┌─ Supplied material
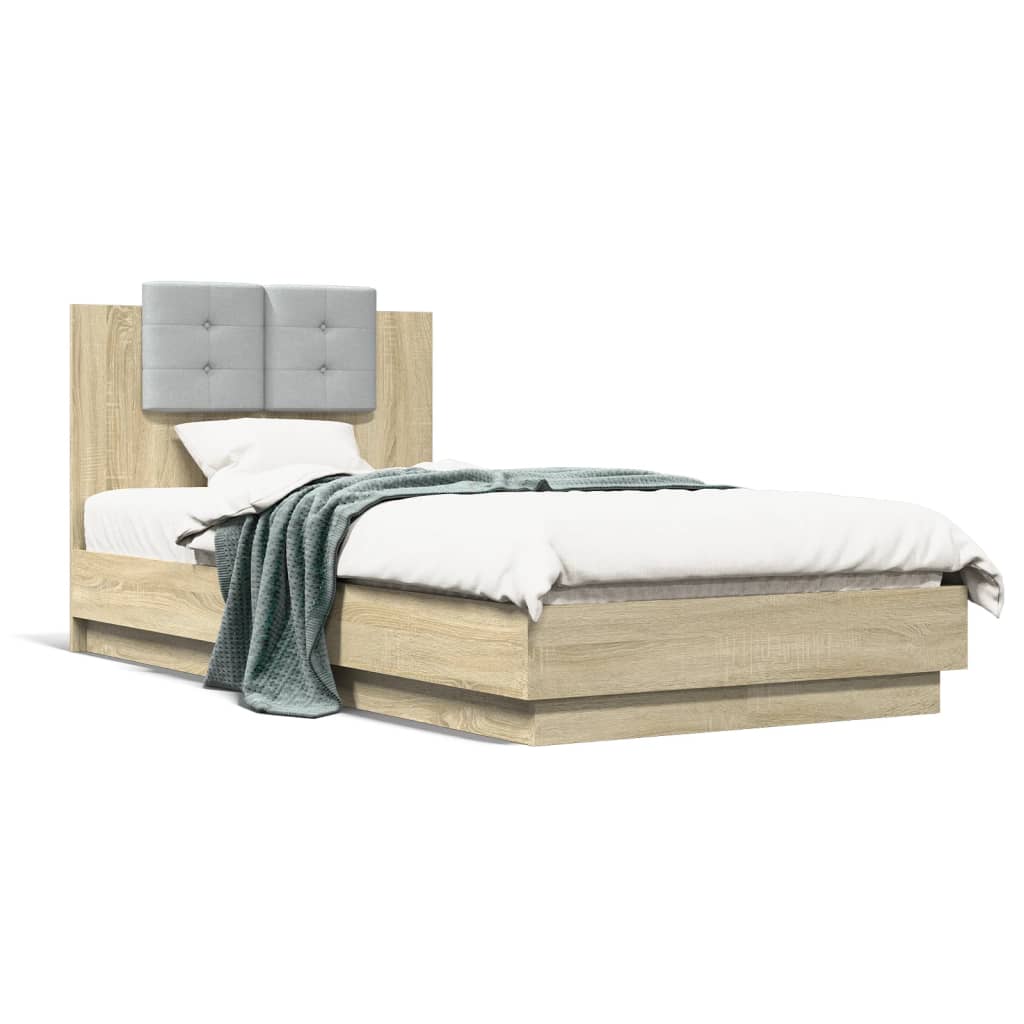 Sengeramme Med Hodegavl Sonoma Eik 90X190 Cm Konstruert Tre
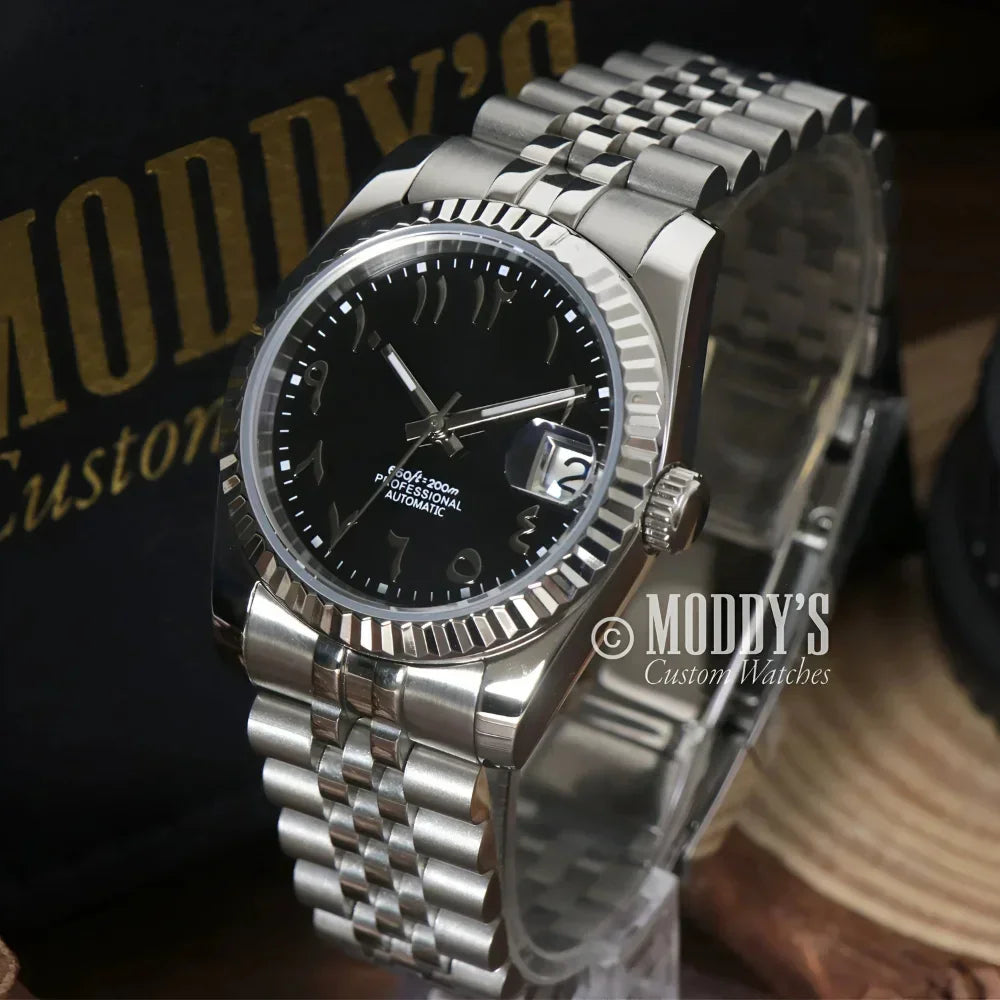 Silver Seikojust Black Arabic wristwatch with NH35 automatic movement and 904L stainless steel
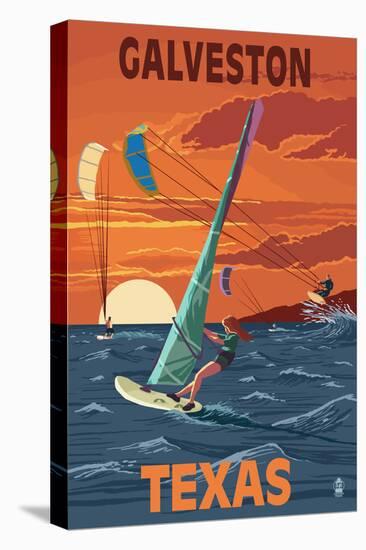 Galveston, Texas - Windsurfers and Sunset-Lantern Press-Stretched Canvas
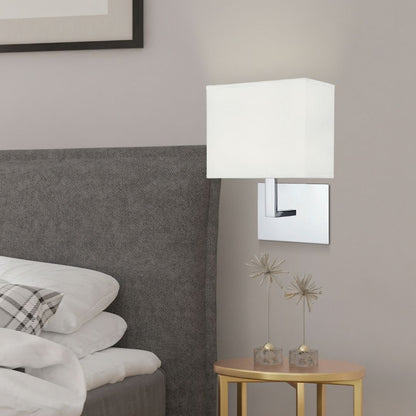 Polished Chrome & White Wall Light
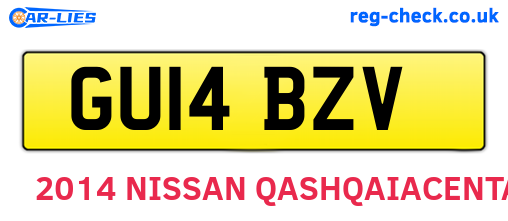 GU14BZV are the vehicle registration plates.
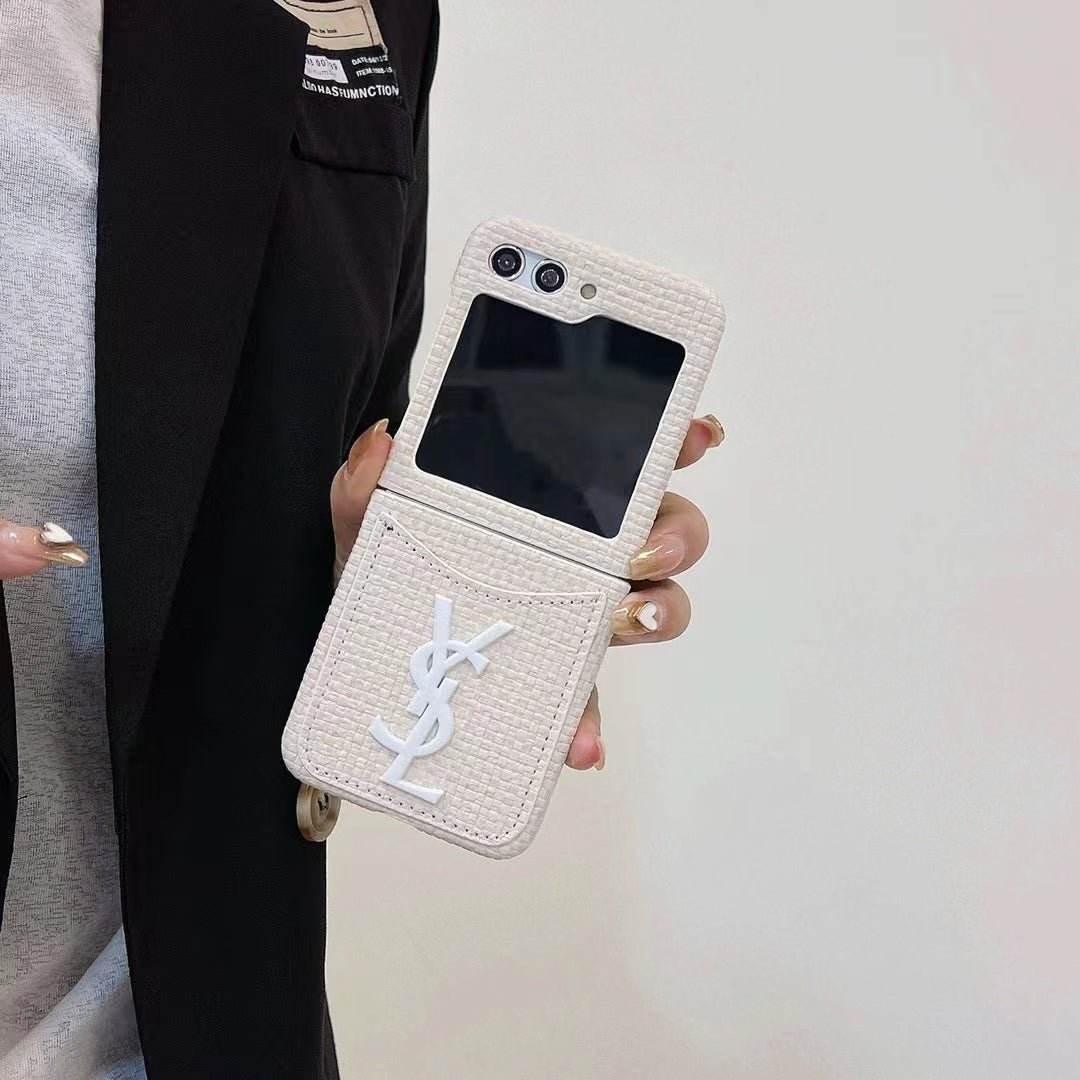 YSL Tweed Fabric Flip Phone Case - Image 6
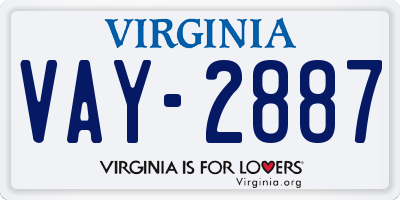 VA license plate VAY2887
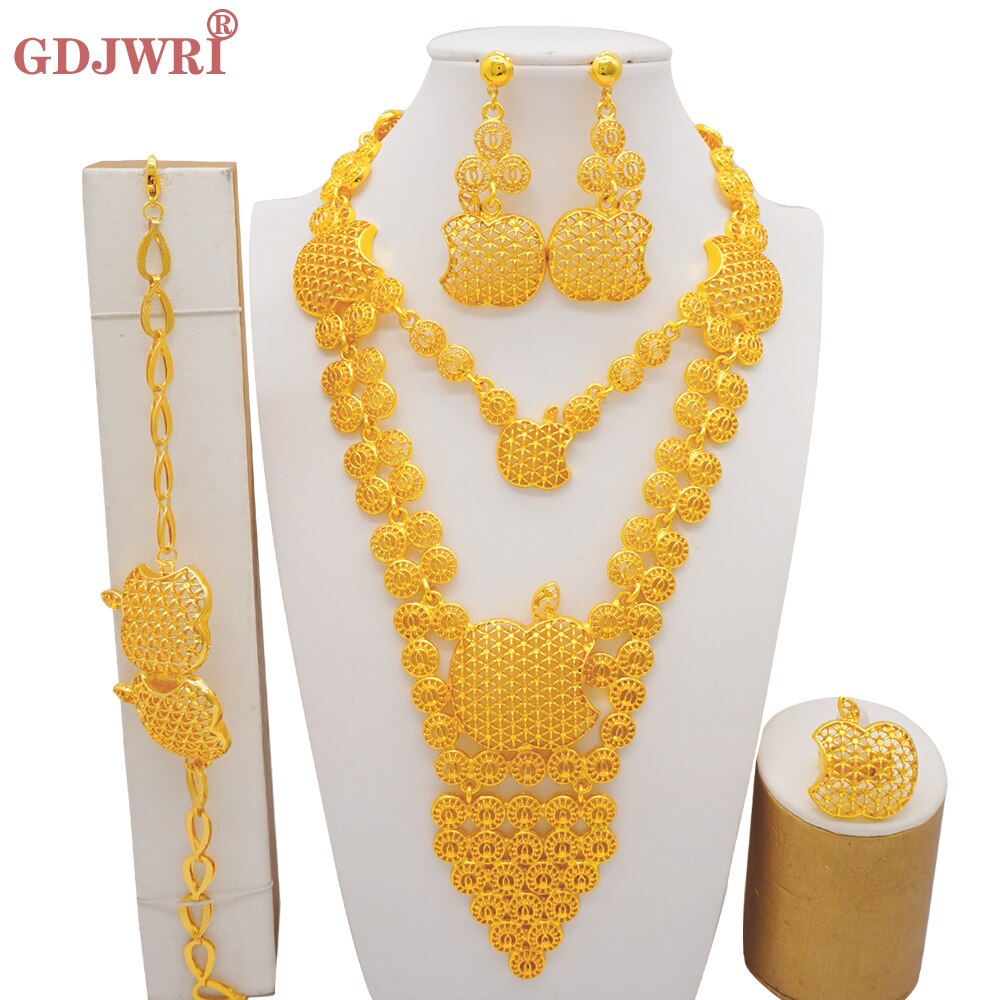 Fashion Dubai Gold Color Luxury Ethiopian Irregular Jewelry Sets African India Wedding Necklace Earrings Set For Women Party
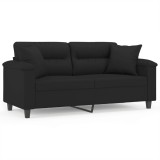 Canapea cu 2 locuri, cu perne, negru, 140 cm, microfibra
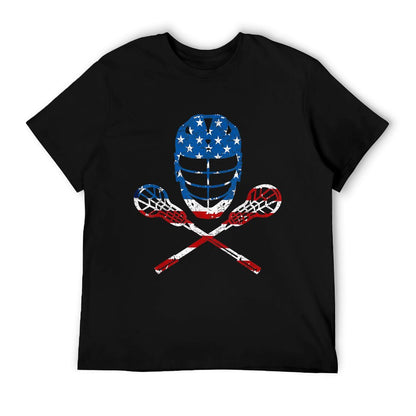 Lacrosse American Flag Lax Helmet Sticks 4th Of July Gifts T-Shirt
└─
### Work request
Output every line above exactly as it stands, and drop any picture.

### Task answer
 Sengeramme Med Hodegavl Sonoma Eik 90X190 Cm Konstruert Tre
 Silver Seikojust Black Arabic wristwatch with NH35 automatic movement and 904L stainless steel
 Galveston, Texas - Windsurfers and Sunset-Lantern Press-Stretched Canvas
 Polished Chrome & White Wall Light
 GU14BZV are the vehicle registration plates.
 YSL Tweed Fabric Flip Phone Case - Image 6
 VA license plate VAY2887
 Fashion Dubai Gold Color Luxury Ethiopian Irregular Jewelry Sets African India Wedding Necklace Earrings Set For Women Party
 Canapea cu 2 locuri, cu perne, negru, 140 cm, microfibra
 Lacrosse American Flag Lax Helmet Sticks 4th Of July Gifts T-Shirt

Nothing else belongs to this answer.